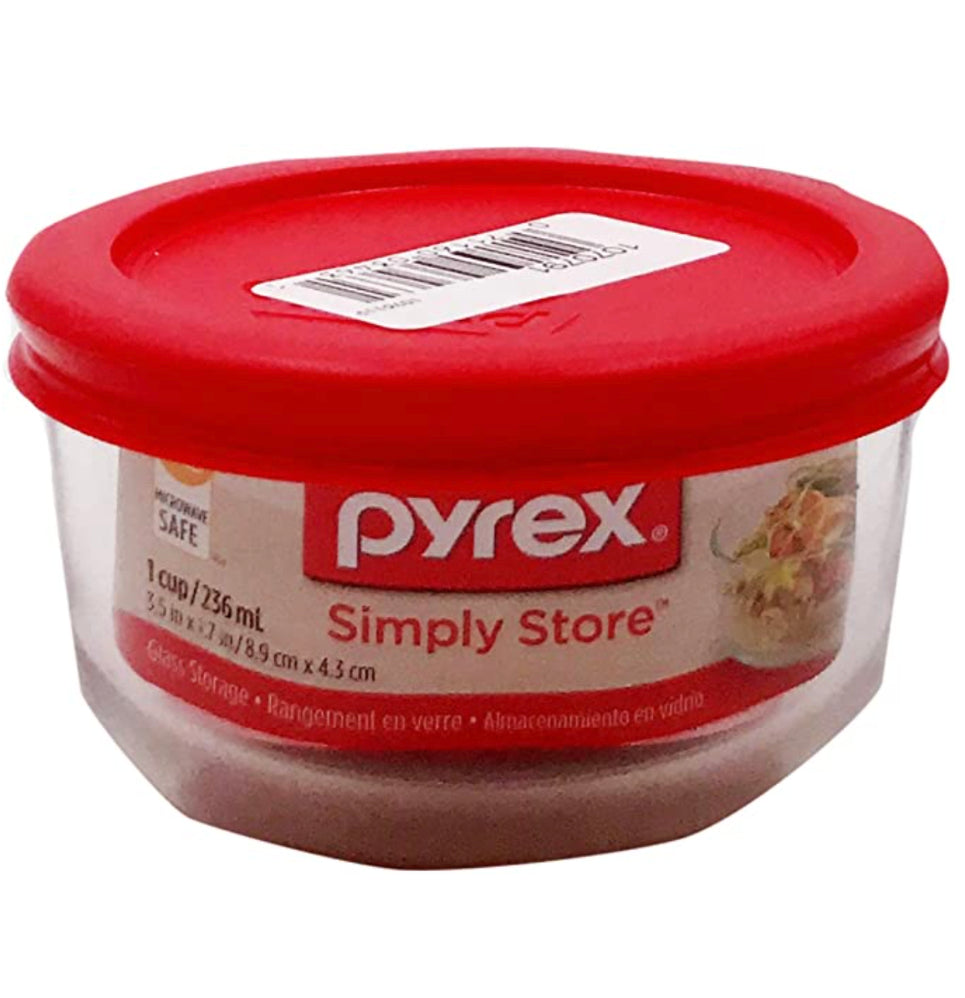 Pyrex Round Storage Dish With Lid – 1 Cup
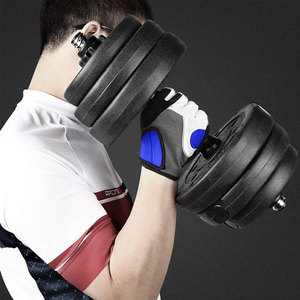 Unisex Half-Finger Cycling Gloves New Design PU Synthetic Leather Silicone Grip Breathable Workout Support Wholesale Sports Gym - Product Image 3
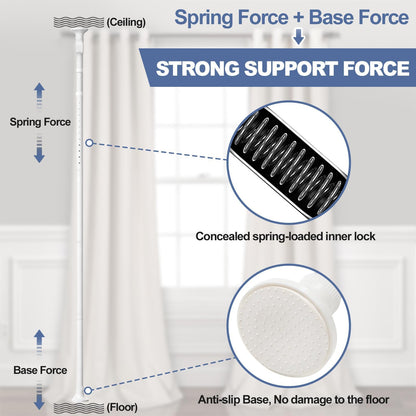 DAKEPOLE Raumteiler Paravent – B 280 x H 317 cm Weiss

BRIEF. Retype the full listing exactly; pictures stay out.

TASK RESPONSE.
 Pyrex Round Storage Dish With Lid – 1 Cup
 Unisex Half-Finger Cycling Gloves New Design PU Synthetic Leather Silicone Grip Breathable Workout Support Wholesale Sports Gym - Product Image 3
 DAKEPOLE Raumteiler Paravent – B 280 x H 317 cm Weiss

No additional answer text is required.